Task details ->
Lines from the one containing "Paire de portes" through the final line of the data, restated word for word and free of pictures, make up the whole answer.

Web page caption snippets:
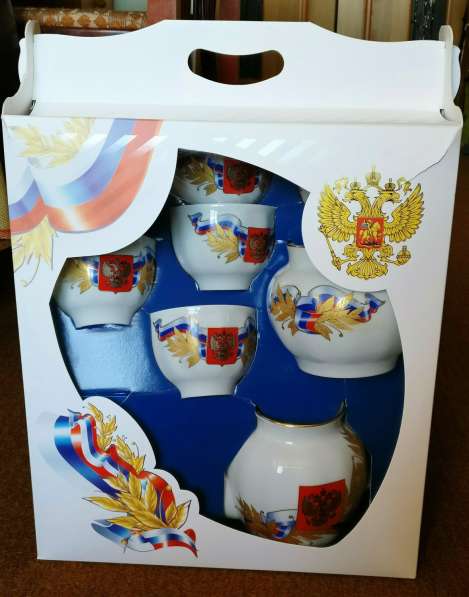 Чайный сервиз с Российской символикой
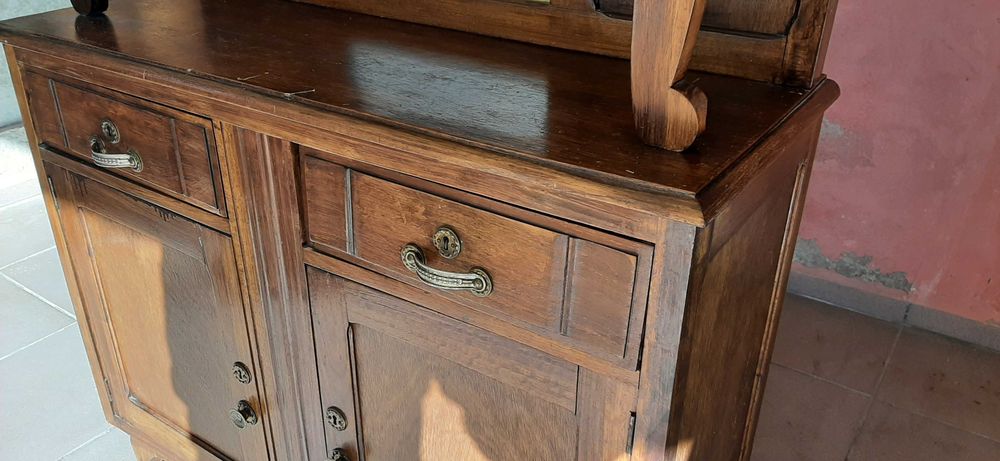 Armário antigo com espelhos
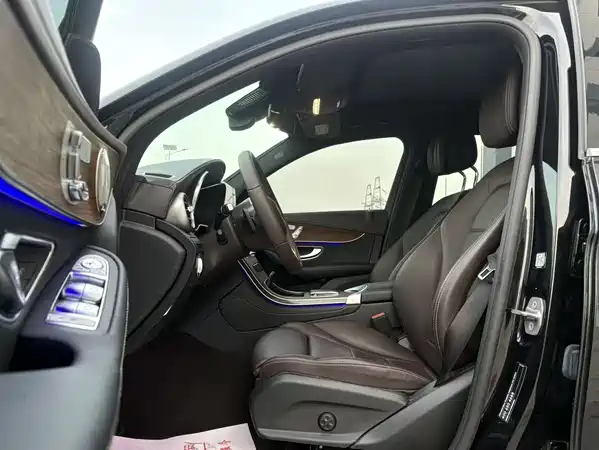 Mercedes-Benz GLC 2021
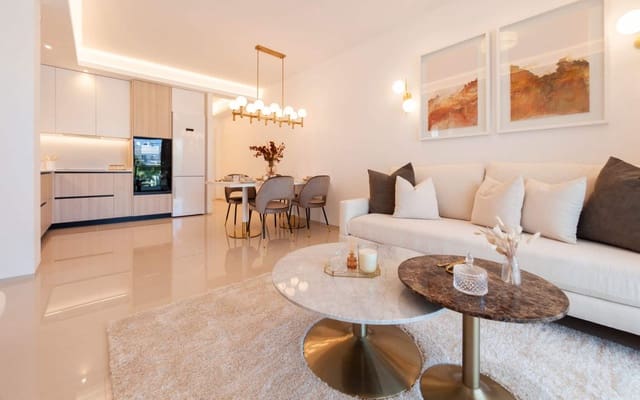 Casa de 3 habitaciones en Ciudad Quesada, Rojales en venta con piscina - 414.000 € (Ref: 9305224)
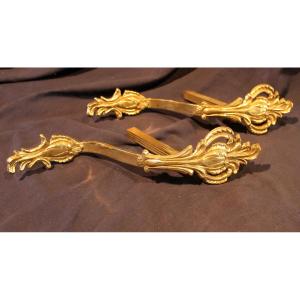 Paire de portes embrasses à rideaux en bronze de style Louis XV époque 19ème h : 33,5 cm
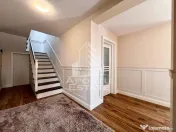 Casa 4 camere de vanzare, 2 bai, teren 535 Mp, Mosnita Noua 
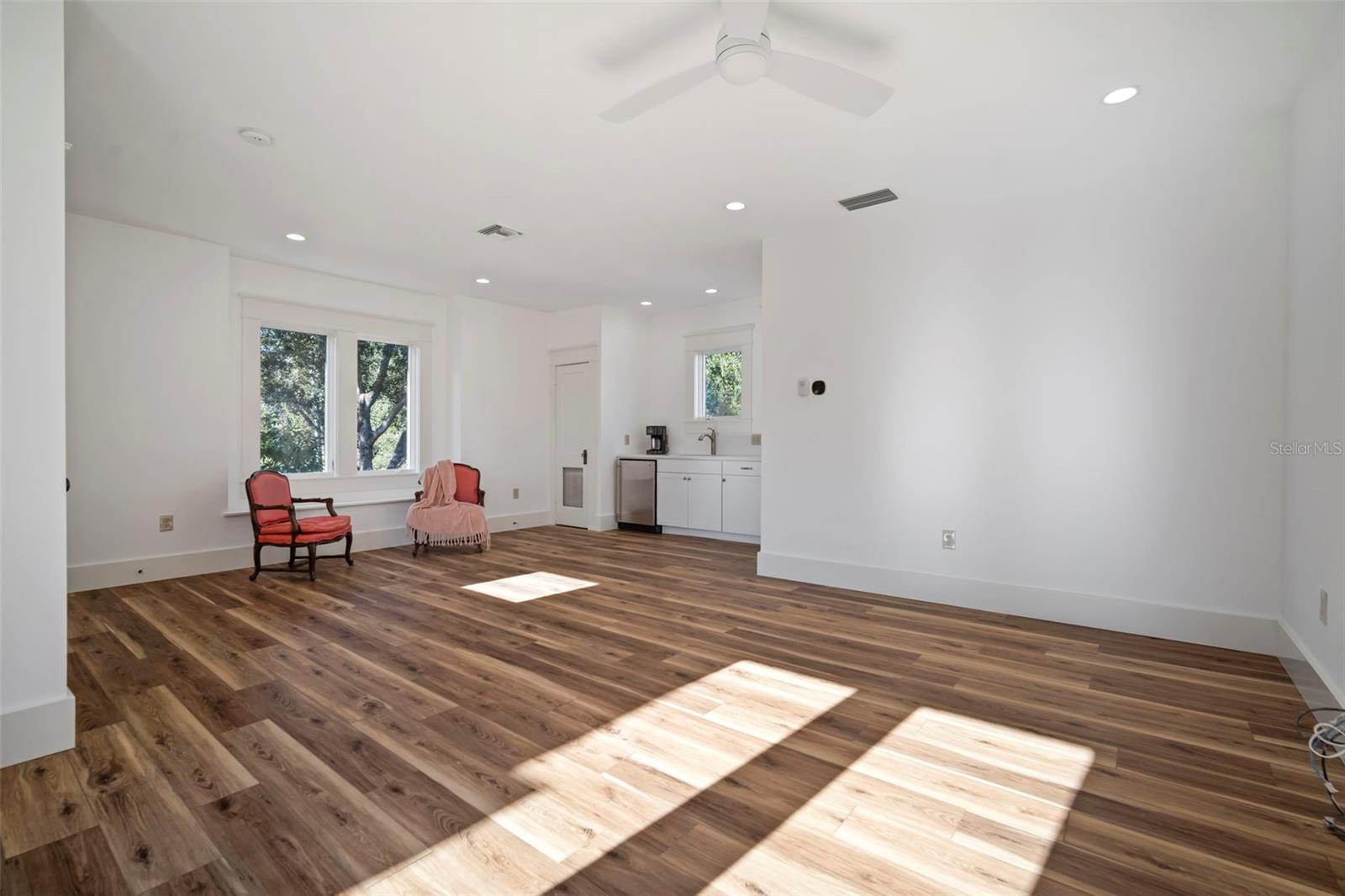 Listing photo id 50 for 1821 Richardson Place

Response area ->
 Paire de portes embrasses à rideaux en bronze de style Louis XV époque 19ème h : 33,5 cm
 Casa 4 camere de vanzare, 2 bai, teren 535 Mp, Mosnita Noua 
 Listing photo id 50 for 1821 Richardson Place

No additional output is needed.